Making everyone comply
one photo at a time
2.) I "promised" to take my kids trick or treating this year. It just worked out in my favor that the Number One Son went to a friend's house on Halloween and forgot about it, then we had church and it just didn't come up. Lucky me, right? Well, he reminded me that "the Bible says don't make a promise you don't intend to keep". I can justify all I want, but I should have kept him home and gone trick or treating. What I counted a "lucky break" getting out of it he counted as the deepest kind of betrayal--a broken promise.
Lovely. Just lovely.
3.) My kids think that Chuck E. Cheese has been "closed for renovations" for a decade.

4.) I once spanked the wrong child and then blamed her for it. Loudly.

5.) The first thing I taught my girls to do independently in the kitchen was to make their own breakfast so that I could sleep later. My kids still think it's like a cardinal sin worthy of a Papal visit for absolution if they wake me up too early on Saturday morning. (I'm still not sure that I actually repent of this one.)

6.) If I can't figure out who did it, everyone is punish-ed.

Lillian dressed like a homeless person.

7.) My kids are obedient out of Big Fear. I threaten any sort of public humiliation to achieve total world domination. I will dance in the orthodontist's office. I will post Nekkid Bebe Photos if you hack my Facebook, so on and so forth. And they know I mean it. The threat of your mother throwing down in the dentist's office is powerful (and probably psychologically damaging), but rather effective at the same time.

8.) The Little Flower is wearing all of her brother's hand-me-downs. What? She doesn't know or care. Why do you?

9.) The Husband and I are thinking about going to Disney without the kids. I think that might be over the top even for me.

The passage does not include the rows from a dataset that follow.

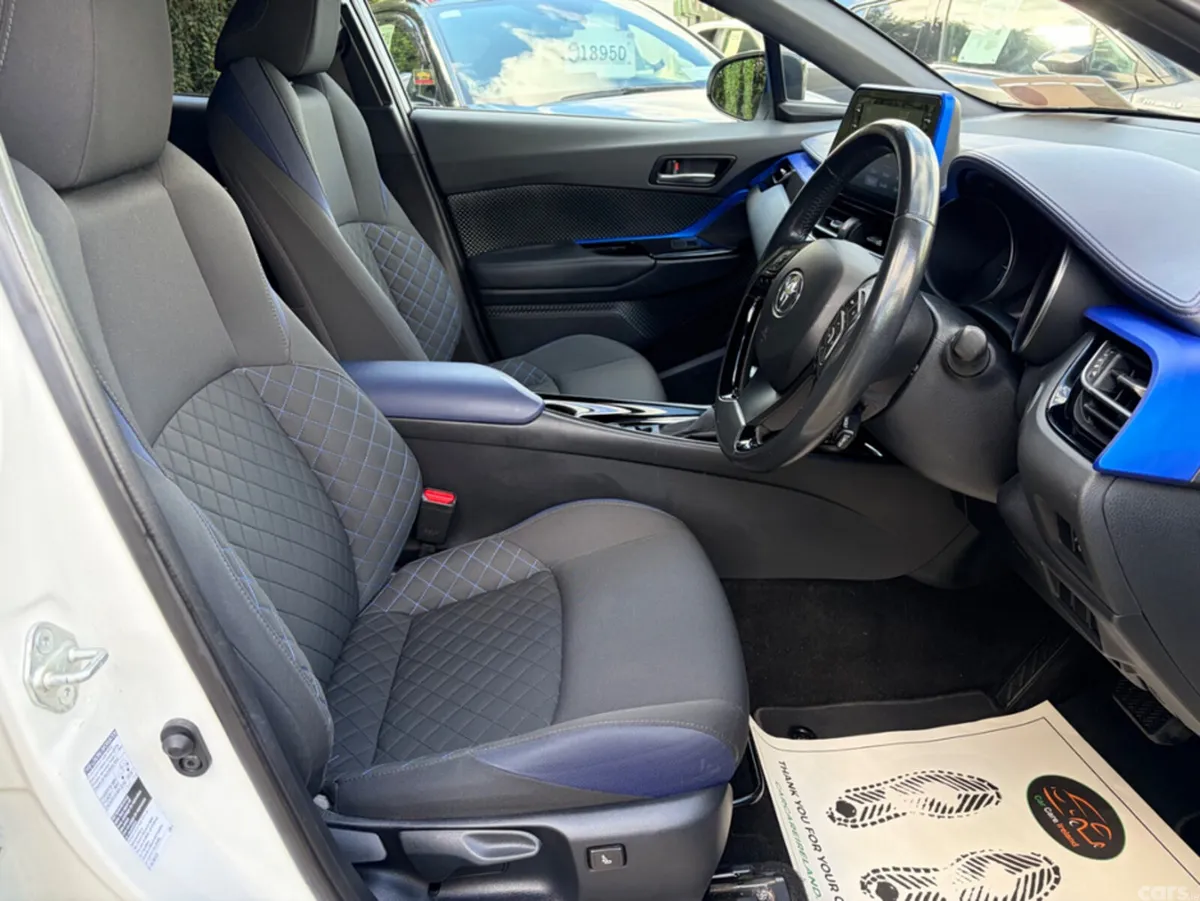 Toyota C-HR SUV, Petrol Hybrid, 2020, White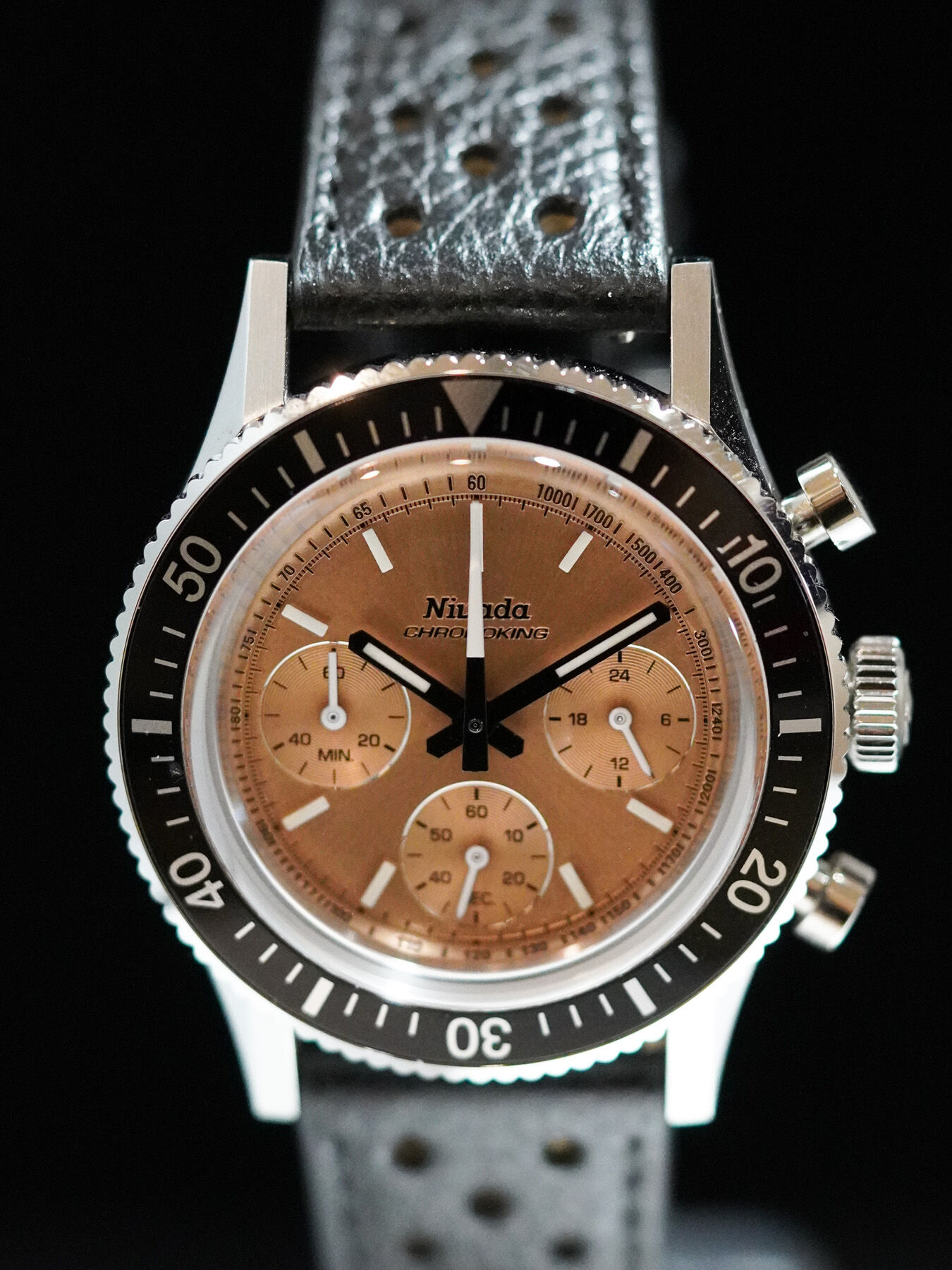 Nivada Grenchen 87043Q10 Chronoking Salmon Dial on Strap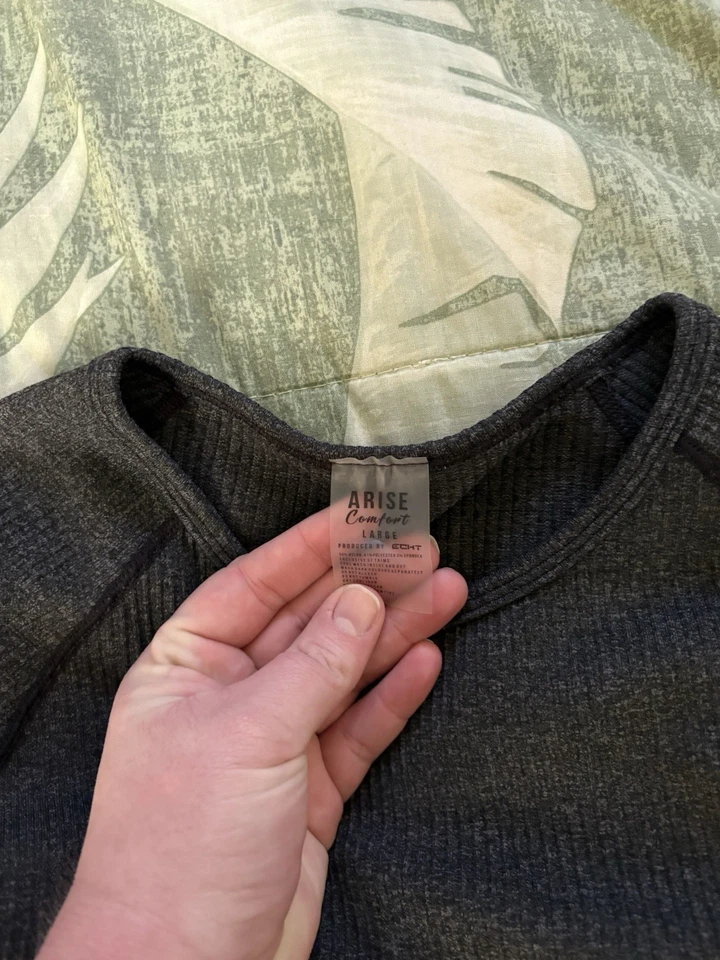 ECHT ARISE Long Sleeve Crop Top And Leggings Set - Charcoal Size L - image 4 of 4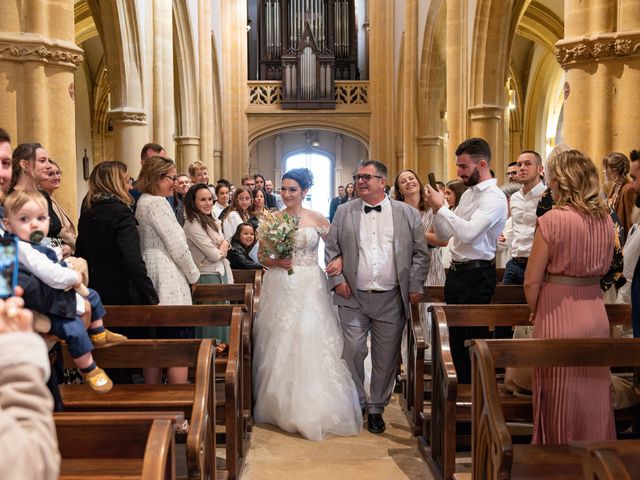 Le mariage de Nicolas et Rebecca à Roanne, Loire 47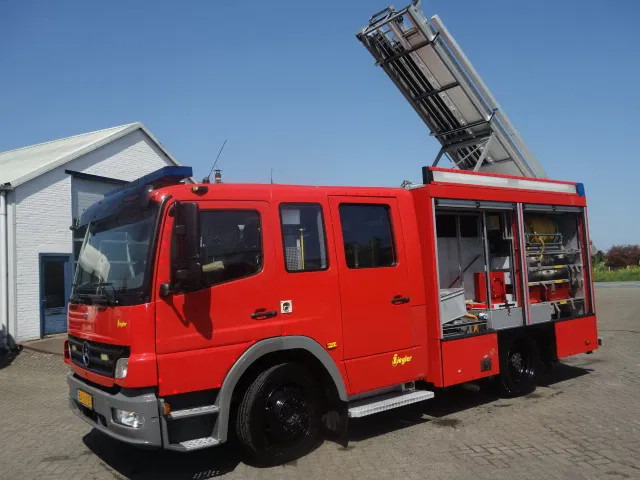 Mercedes-Benz Atego 1426 ziegler pump - Camión de bomberos: foto 1 Mercedes-Benz Atego 1426 ziegler pump - Camión de bomberos: foto 1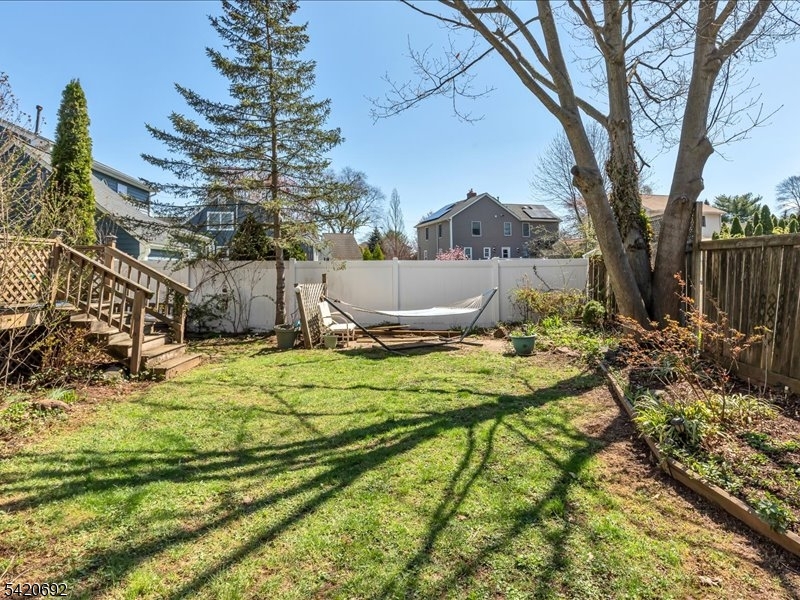 21 Mohawk Drive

 10.) I'm still Mother of the Year in Johnsonville. Of course, I'm running unopposed, but whatever.

Thursday, November 1, 2012

If You Give a Kid a Pancake

I have smart kids.

It's true. They are quick on the uptake, good students, quality test takers, and all-around smarty pants. But the Number One Son has entered the fifth grade--notorious for being The Hardest Grade in our little school. It's not the teacher's fault--it's just the way it shakes down with more new material than review material. So, Junior has been struggling a little in spelling and penmanship.

Now, the spelling I understand personally. I have to really, really focus on my own spelling skills, which is probably why God invented the spell check device just for moi. And penmanship? (Yes, we still teach that.) I don't want to say it's not big whoop, because it's graded and an important character issue not to quit when things are difficult. (You still have to keeping going at your job sometimes when you think it's silly and not terribly important, right?) It's a life-lesson. So, press on toward the goal, Son.

Anyhoo....

Yesterday was elementary honor chapel where we recognize all of the honor students. My babies have always been honored at these sorts of events, being A-B kind of kids, until today when the Number One Son didn't make the A/B Honor Roll, because spelling and penmanship rode him around the room and left him for dead. And to make it worse, he was the only kid in his grade who didn't make the A/B Honor Roll.

So, we did the only thing there was to do.

We ditched school and went for pancakes. :-)

My beautiful boy carried the tray to the table, cleared up after we ate, held the door for me and two women coming into the the restaurant behind us. Then he walked with me to the driver's side where he opened the door for me before going around to the passenger side and climbing in himself.

(Don't tell anyone, but that whole spelling and penmanship thing is overrated in the grand scheme of things.)

And today, when he took his spelling practice test? Well, let's just say that he better have enjoyed that b'fast, since it'll be the last one like it. He'll be too busy to go with me during the next elementary honor chapel because he'll be getting his A/B Honor Roll Certificate.

I love you, Carter. You are my favorite son in the whole world.